Dopo qualche minuto, rivolgendosi all’onnipresente Volcic, dice in tono ironico:
“Sentito Igor? Moretti ci lascia”
“Ci lascia o vuole lasciarci?” replica Volcic.
“Non rompere Igor, ha detto che ci lascia, chiaro e tondo”
“Non ha specificato il momento” ribatte lui.
“La volete piantare voi due? Sono qui, se avete qualcosa da chiedermi fatelo ora”
“Ok Moretti, immaginavo da un pezzo che avresti preso questa decisione, si trattava solo di tempo”
“Non te ne avevo mai parlato”
“Tu no ma la tua faccia sì. Vuoi sapere da quando? Dalla morte di Ziegler. Quella sera sei rientrato stravolto e non era un atteggiamento che ti si confaceva. Emil, mi sono detto, Moretti prima o poi ci lascia!”
“Mi dispiace ma credo sia la soluzione migliore per tutti”
“Non te ne voglio Moretti, hai fatto fin troppo per questa agenzia”
“Nessun rancore anche da parte mia, ragazzo. Beh la vita continua, vado giù, c’è una macchina da sistemare”
“Grazie Igor, stammi bene”
“Anche tu Moretti, qualche volta passa a salutarci” afferma ridacchiando mentre si allontana. Sa che sarà impossibile perché una volta sganciati dall’agenzia è tassativo non mantenere più alcun contatto con il passato. È una questione di sicurezza generale.

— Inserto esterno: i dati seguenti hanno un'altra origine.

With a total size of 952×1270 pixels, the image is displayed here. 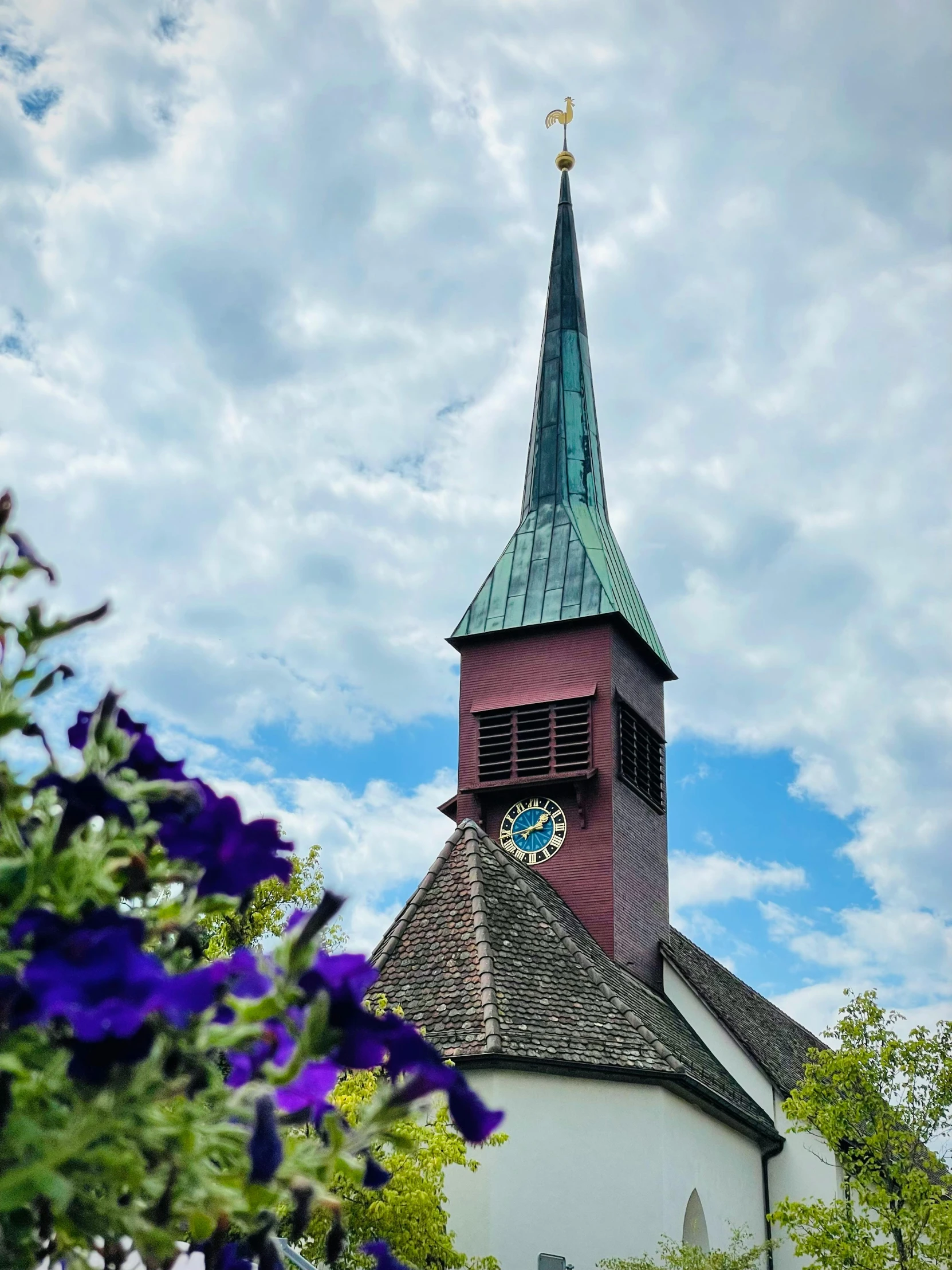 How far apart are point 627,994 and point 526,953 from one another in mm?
2094

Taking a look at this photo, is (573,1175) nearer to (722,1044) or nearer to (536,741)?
(722,1044)

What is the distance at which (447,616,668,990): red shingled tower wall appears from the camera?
23.8m

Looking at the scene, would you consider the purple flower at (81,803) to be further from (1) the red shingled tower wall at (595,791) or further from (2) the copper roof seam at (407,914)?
(1) the red shingled tower wall at (595,791)

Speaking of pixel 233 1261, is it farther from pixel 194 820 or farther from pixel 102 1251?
pixel 194 820

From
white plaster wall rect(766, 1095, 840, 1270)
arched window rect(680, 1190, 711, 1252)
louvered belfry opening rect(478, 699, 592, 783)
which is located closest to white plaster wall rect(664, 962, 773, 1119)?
white plaster wall rect(766, 1095, 840, 1270)

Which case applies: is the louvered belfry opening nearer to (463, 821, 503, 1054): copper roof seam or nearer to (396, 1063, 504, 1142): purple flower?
(463, 821, 503, 1054): copper roof seam

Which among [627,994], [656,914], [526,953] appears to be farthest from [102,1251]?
[656,914]

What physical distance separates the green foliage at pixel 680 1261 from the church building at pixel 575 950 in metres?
0.29

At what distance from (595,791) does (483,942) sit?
5317 millimetres

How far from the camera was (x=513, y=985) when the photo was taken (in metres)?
19.1

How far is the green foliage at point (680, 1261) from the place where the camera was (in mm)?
16781

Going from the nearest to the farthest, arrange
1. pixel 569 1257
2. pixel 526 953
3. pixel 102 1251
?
pixel 102 1251
pixel 569 1257
pixel 526 953

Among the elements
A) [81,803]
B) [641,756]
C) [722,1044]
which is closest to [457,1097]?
[81,803]

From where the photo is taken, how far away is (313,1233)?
46.0ft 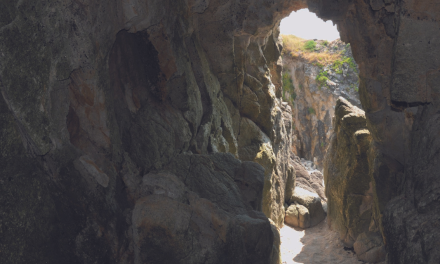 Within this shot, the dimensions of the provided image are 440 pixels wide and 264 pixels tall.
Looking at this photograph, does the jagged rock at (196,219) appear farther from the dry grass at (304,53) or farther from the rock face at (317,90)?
the dry grass at (304,53)

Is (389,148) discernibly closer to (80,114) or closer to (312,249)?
(312,249)

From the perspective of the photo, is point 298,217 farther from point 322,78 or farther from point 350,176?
point 322,78

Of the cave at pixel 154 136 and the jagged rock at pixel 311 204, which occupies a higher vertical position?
the cave at pixel 154 136

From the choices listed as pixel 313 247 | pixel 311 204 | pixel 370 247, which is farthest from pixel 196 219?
pixel 311 204

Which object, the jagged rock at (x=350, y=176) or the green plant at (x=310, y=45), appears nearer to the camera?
the jagged rock at (x=350, y=176)

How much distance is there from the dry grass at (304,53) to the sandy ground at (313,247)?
44.4ft

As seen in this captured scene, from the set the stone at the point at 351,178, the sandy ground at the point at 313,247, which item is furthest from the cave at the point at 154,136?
the sandy ground at the point at 313,247

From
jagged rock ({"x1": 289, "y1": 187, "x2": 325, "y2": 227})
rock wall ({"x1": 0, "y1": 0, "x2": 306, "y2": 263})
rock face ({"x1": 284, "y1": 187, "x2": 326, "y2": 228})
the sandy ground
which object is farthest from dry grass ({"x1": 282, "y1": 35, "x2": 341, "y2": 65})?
rock wall ({"x1": 0, "y1": 0, "x2": 306, "y2": 263})

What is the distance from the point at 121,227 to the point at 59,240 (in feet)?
3.53

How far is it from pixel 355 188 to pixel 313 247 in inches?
106

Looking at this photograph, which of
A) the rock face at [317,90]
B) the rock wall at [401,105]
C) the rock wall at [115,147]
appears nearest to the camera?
the rock wall at [115,147]

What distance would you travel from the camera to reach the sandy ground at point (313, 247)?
442 inches

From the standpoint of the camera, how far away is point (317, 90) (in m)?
24.7

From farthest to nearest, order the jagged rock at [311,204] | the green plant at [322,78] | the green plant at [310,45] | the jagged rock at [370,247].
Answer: the green plant at [310,45] → the green plant at [322,78] → the jagged rock at [311,204] → the jagged rock at [370,247] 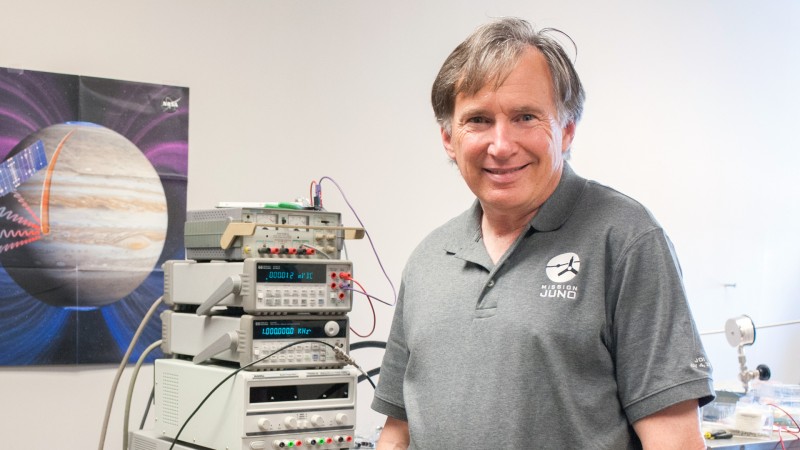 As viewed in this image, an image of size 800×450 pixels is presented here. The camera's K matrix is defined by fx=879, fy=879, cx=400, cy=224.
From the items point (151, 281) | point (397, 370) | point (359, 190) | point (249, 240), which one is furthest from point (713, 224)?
point (397, 370)

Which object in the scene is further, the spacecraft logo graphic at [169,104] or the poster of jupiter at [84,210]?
the spacecraft logo graphic at [169,104]

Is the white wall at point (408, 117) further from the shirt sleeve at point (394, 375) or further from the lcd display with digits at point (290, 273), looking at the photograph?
the shirt sleeve at point (394, 375)

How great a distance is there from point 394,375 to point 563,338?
1.31 ft

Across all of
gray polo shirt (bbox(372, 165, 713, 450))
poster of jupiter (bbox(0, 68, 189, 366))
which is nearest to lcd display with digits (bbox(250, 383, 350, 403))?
gray polo shirt (bbox(372, 165, 713, 450))

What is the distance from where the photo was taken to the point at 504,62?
1.28 m

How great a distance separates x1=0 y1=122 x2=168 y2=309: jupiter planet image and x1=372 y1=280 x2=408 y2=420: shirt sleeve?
5.84 feet

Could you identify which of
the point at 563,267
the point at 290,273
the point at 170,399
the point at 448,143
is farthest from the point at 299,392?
the point at 563,267

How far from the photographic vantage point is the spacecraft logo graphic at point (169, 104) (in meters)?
3.15

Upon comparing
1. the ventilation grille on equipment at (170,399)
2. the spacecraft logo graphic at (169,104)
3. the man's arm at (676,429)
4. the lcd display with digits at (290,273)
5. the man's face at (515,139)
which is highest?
the spacecraft logo graphic at (169,104)

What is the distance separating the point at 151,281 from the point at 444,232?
187 centimetres

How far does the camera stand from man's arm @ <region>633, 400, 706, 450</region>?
1.11m

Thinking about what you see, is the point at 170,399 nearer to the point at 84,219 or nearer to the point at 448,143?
the point at 84,219

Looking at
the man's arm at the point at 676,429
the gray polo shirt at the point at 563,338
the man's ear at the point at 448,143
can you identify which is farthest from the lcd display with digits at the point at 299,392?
the man's arm at the point at 676,429

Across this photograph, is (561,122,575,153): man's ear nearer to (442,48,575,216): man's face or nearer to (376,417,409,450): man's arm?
(442,48,575,216): man's face
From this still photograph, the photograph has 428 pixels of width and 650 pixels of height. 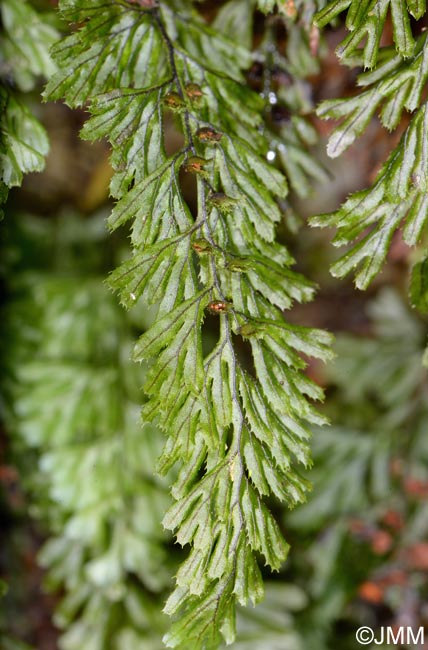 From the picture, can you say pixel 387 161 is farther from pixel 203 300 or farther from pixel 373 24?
pixel 203 300

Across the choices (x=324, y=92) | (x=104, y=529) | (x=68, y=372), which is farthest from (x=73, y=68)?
(x=104, y=529)

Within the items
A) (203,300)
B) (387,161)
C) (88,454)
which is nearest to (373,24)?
(387,161)

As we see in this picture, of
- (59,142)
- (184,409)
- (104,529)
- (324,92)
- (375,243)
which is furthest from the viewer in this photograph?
(59,142)

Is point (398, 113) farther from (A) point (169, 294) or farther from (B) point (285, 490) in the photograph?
(B) point (285, 490)

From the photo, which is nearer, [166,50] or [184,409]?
[184,409]

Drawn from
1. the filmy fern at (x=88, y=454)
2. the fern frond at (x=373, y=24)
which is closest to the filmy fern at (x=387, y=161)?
the fern frond at (x=373, y=24)

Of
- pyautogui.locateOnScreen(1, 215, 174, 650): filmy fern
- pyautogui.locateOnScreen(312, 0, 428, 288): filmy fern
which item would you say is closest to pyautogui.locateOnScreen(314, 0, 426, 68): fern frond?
pyautogui.locateOnScreen(312, 0, 428, 288): filmy fern

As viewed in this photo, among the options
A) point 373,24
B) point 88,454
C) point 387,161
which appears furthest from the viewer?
point 88,454

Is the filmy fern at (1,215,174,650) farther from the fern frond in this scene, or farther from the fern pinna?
the fern frond
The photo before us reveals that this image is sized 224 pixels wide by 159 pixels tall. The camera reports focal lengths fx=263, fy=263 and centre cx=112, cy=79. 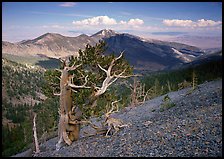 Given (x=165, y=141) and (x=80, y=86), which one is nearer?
(x=165, y=141)

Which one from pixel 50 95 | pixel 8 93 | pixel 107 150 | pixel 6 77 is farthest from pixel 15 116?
pixel 107 150

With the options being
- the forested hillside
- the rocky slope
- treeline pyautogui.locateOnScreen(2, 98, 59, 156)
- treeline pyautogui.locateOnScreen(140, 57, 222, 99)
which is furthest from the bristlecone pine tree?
treeline pyautogui.locateOnScreen(2, 98, 59, 156)

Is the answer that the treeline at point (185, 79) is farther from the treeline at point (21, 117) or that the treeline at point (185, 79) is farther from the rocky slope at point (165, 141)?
the treeline at point (21, 117)

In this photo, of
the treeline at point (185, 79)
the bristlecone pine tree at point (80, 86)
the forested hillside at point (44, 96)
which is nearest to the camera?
the bristlecone pine tree at point (80, 86)

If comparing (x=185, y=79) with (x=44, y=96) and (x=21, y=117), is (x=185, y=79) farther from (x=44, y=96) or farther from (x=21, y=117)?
(x=44, y=96)

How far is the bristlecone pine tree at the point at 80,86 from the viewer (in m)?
15.2

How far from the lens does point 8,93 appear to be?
167 meters

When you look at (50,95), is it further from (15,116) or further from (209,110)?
(15,116)

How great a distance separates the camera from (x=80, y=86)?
14258 millimetres

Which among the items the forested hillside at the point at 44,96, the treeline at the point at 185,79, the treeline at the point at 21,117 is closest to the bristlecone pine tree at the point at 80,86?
the forested hillside at the point at 44,96

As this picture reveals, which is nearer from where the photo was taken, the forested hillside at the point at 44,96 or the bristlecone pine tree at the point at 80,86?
the bristlecone pine tree at the point at 80,86

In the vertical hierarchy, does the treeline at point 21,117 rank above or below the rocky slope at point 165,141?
below

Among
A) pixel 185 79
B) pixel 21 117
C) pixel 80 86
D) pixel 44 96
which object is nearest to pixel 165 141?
pixel 80 86

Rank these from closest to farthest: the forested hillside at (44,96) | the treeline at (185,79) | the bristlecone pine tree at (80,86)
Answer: the bristlecone pine tree at (80,86)
the forested hillside at (44,96)
the treeline at (185,79)
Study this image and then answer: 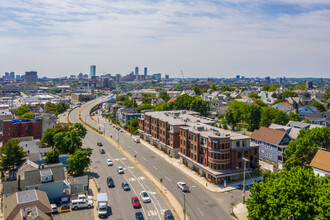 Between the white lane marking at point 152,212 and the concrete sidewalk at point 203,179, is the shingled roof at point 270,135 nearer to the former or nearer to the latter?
the concrete sidewalk at point 203,179

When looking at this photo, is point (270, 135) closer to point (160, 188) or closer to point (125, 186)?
point (160, 188)

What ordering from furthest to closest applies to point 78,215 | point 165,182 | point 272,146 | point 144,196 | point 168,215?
point 272,146 → point 165,182 → point 144,196 → point 78,215 → point 168,215

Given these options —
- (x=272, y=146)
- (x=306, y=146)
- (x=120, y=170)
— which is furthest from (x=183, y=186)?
(x=272, y=146)

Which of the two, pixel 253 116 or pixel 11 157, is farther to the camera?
pixel 253 116

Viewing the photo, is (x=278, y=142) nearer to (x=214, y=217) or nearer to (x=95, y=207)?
(x=214, y=217)

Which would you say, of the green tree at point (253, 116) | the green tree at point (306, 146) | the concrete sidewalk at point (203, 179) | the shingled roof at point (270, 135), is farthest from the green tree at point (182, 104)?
the green tree at point (306, 146)

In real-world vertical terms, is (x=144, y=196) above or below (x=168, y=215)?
below

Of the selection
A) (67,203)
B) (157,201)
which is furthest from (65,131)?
(157,201) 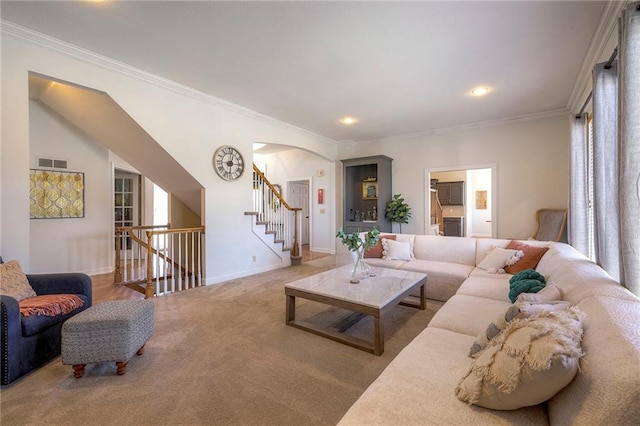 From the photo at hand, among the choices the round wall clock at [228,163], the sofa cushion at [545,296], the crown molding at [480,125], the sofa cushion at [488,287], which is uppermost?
the crown molding at [480,125]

“Allora cosa farai da domani?” mi chiede Costantini.
“Ciò che ho sempre finto di fare, il rappresentante industriale, così non devo tante spiegazioni a Noelle”
Nell’ufficio di Costantini compaiono le due ragazze, Magda e Mirella. Noi le chiamiamo così sebbene siano donne fatte.
Magda ha trent’anni, dal corpo pienotto e dall’apparenza di un’oca svampita, in realtà ha un’intelligenza di prim’ordine. Ha una memoria di ferro e sa gestire il computer come e meglio di una ragazzino con il proprio telefonino.
Mirella di anni ne ha quaranta ma ne dimostra almeno cinque di meno, sarà forse per il trucco sapientemente usato e per un’attività sportiva che ha sempre praticato fin da bambina che il suo corpo snello e longilineo fa di lei la più ammirata avvocatessa del foro penale.
“Qualcosa bolle in pentola capo?” chiede cinguettando Magda a Costantini mentre Mirella ci saluta con un cenno.
“Moretti si ritira dall’attività” afferma lui.
Le due donne hanno una reazione totalmente contrastante, Magda sgrana gli occhi e si lascia andare a un lungo “Ohhh!”
di stupore mentre Mirella mi punta gli occhi indagatori addosso senza proferire alcuna parola poi, come a confermare un proprio pensiero commenta:
“E’ giovane e carina almeno?” mi strappa un sorriso, ci ha preso in pieno al primo colpo. Non le rispondo, lei mi fa un occhiolino e si allontana agitandomi una manina. Fortunato chi la catturerà, mi chiedo, è una ragazza in gamba.
Ancora dei passi e questa volta entrano insieme senza parlare tra loro Orloff e Santiago. Il primo mi volge un sorriso, l’altro mi guarda con indifferenza. Mi è sempre stato antipatico, dal primo momento, e per fortuna non ci ho mai dovuto lavorare insieme, non mi ispira nemmeno fiducia.
Anche a loro Costantini da l’annuncio del mio ritiro. Santiago mi lancia un’occhiata e mormora “buono a sapersi”, Orloff mi si avvicina tendendo la mano che stringo volentieri.
“Davvero vai via Moretti?”
“Sì Jacob, smetto da oggi”
“Per l’agenzia sarà una grossa perdita ma a me fa piacere che tu chiuda tutto intero” è davvero un simpaticone.
“Hai ragione non è da tutti”
“Beh, allora buona fortuna la fuori” mi augura.
“Credo ne avrai più bisogno tu di me”
“Sì, anche questo è vero, comunque buona fortuna lo stesso” conferma ridendo.